* AIM OF THE TASK:
Given the records below, set each one down again exactly as it reads.

[DATA EXTRACTS]

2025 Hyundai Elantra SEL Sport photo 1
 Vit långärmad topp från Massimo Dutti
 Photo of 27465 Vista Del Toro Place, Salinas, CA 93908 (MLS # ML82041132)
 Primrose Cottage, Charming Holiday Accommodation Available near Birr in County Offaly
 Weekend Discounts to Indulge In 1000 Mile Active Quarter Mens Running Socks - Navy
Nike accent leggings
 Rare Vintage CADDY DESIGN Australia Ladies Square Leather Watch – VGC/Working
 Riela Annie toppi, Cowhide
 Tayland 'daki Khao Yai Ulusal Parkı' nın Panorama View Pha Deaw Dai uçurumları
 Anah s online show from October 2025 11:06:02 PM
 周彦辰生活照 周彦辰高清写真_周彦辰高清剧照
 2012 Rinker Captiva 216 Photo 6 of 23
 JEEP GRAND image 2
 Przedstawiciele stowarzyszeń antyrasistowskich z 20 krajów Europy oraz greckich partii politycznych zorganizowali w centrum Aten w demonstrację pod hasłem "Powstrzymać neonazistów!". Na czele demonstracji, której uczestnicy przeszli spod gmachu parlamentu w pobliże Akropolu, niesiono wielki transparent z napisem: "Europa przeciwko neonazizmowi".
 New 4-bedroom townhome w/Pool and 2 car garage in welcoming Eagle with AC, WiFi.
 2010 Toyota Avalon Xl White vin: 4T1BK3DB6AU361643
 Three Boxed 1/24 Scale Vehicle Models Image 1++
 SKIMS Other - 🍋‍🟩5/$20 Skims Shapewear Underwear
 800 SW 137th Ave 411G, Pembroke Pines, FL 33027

[/DATA EXTRACTS]

* RESPONSE TO THIS EXERCISE:
2025 Hyundai Elantra SEL Sport photo 1
 Vit långärmad topp från Massimo Dutti
 Photo of 27465 Vista Del Toro Place, Salinas, CA 93908 (MLS # ML82041132)
 Primrose Cottage, Charming Holiday Accommodation Available near Birr in County Offaly
 Weekend Discounts to Indulge In 1000 Mile Active Quarter Mens Running Socks - Navy
Nike accent leggings
 Rare Vintage CADDY DESIGN Australia Ladies Square Leather Watch – VGC/Working
 Riela Annie toppi, Cowhide
 Tayland 'daki Khao Yai Ulusal Parkı' nın Panorama View Pha Deaw Dai uçurumları
 Anah s online show from October 2025 11:06:02 PM
 周彦辰生活照 周彦辰高清写真_周彦辰高清剧照
 2012 Rinker Captiva 216 Photo 6 of 23
 JEEP GRAND image 2
 Przedstawiciele stowarzyszeń antyrasistowskich z 20 krajów Europy oraz greckich partii politycznych zorganizowali w centrum Aten w demonstrację pod hasłem "Powstrzymać neonazistów!". Na czele demonstracji, której uczestnicy przeszli spod gmachu parlamentu w pobliże Akropolu, niesiono wielki transparent z napisem: "Europa przeciwko neonazizmowi".
 New 4-bedroom townhome w/Pool and 2 car garage in welcoming Eagle with AC, WiFi.
 2010 Toyota Avalon Xl White vin: 4T1BK3DB6AU361643
 Three Boxed 1/24 Scale Vehicle Models Image 1++
 SKIMS Other - 🍋‍🟩5/$20 Skims Shapewear Underwear
 800 SW 137th Ave 411G, Pembroke Pines, FL 33027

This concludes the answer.